*** RECORDS FOR THE TASK ***

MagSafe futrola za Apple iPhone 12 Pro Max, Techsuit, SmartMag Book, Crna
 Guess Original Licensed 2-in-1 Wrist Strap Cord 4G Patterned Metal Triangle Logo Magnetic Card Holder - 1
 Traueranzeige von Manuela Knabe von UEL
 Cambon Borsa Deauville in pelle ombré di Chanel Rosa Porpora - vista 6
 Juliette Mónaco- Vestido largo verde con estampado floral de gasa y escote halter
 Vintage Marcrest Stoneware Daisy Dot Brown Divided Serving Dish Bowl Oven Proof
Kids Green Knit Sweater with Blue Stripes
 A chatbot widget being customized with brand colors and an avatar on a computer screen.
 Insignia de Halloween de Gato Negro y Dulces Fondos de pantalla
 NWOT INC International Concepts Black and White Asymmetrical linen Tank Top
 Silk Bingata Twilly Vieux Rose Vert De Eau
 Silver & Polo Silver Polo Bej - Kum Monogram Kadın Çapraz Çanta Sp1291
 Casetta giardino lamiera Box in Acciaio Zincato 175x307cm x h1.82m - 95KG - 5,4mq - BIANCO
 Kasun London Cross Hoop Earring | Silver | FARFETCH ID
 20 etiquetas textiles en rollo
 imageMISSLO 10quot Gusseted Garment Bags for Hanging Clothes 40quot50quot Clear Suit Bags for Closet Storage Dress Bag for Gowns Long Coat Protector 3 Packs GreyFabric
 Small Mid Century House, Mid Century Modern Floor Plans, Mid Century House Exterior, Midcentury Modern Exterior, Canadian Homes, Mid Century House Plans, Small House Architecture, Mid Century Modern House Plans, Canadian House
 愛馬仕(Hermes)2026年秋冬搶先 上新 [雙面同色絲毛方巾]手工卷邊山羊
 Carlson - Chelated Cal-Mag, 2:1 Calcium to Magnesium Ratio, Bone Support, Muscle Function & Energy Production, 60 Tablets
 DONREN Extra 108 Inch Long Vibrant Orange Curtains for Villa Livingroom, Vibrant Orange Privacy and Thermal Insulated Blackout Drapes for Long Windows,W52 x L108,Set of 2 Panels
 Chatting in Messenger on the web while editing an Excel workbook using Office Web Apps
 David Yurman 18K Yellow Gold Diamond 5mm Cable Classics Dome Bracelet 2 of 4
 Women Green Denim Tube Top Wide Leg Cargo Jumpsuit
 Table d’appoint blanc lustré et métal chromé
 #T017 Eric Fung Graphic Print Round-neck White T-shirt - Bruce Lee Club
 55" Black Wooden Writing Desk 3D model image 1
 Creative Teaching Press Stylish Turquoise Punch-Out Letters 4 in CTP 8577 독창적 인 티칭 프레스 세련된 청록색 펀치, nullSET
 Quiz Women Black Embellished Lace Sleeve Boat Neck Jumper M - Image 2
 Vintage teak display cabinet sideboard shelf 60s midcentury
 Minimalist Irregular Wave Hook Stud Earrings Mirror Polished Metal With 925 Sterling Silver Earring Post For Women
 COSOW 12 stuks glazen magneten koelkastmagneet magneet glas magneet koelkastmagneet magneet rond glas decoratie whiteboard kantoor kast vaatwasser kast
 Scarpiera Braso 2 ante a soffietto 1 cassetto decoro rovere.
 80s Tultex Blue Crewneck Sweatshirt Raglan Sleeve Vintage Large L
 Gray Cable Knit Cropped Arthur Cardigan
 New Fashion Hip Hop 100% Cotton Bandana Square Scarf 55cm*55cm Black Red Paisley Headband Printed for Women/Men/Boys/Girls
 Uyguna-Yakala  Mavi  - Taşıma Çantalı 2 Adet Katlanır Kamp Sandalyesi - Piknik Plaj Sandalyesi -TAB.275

*** End of RECORDS FOR THE TASK ***

REQUIRED ACTION:
Working from the records above, write out verbatim only the lines from the line containing "Cambon Borsa Deauville" through the line containing "NWOT INC International".

EXERCISE ANSWER:
 Cambon Borsa Deauville in pelle ombré di Chanel Rosa Porpora - vista 6
 Juliette Mónaco- Vestido largo verde con estampado floral de gasa y escote halter
 Vintage Marcrest Stoneware Daisy Dot Brown Divided Serving Dish Bowl Oven Proof
Kids Green Knit Sweater with Blue Stripes
 A chatbot widget being customized with brand colors and an avatar on a computer screen.
 Insignia de Halloween de Gato Negro y Dulces Fondos de pantalla
 NWOT INC International Concepts Black and White Asymmetrical linen Tank Top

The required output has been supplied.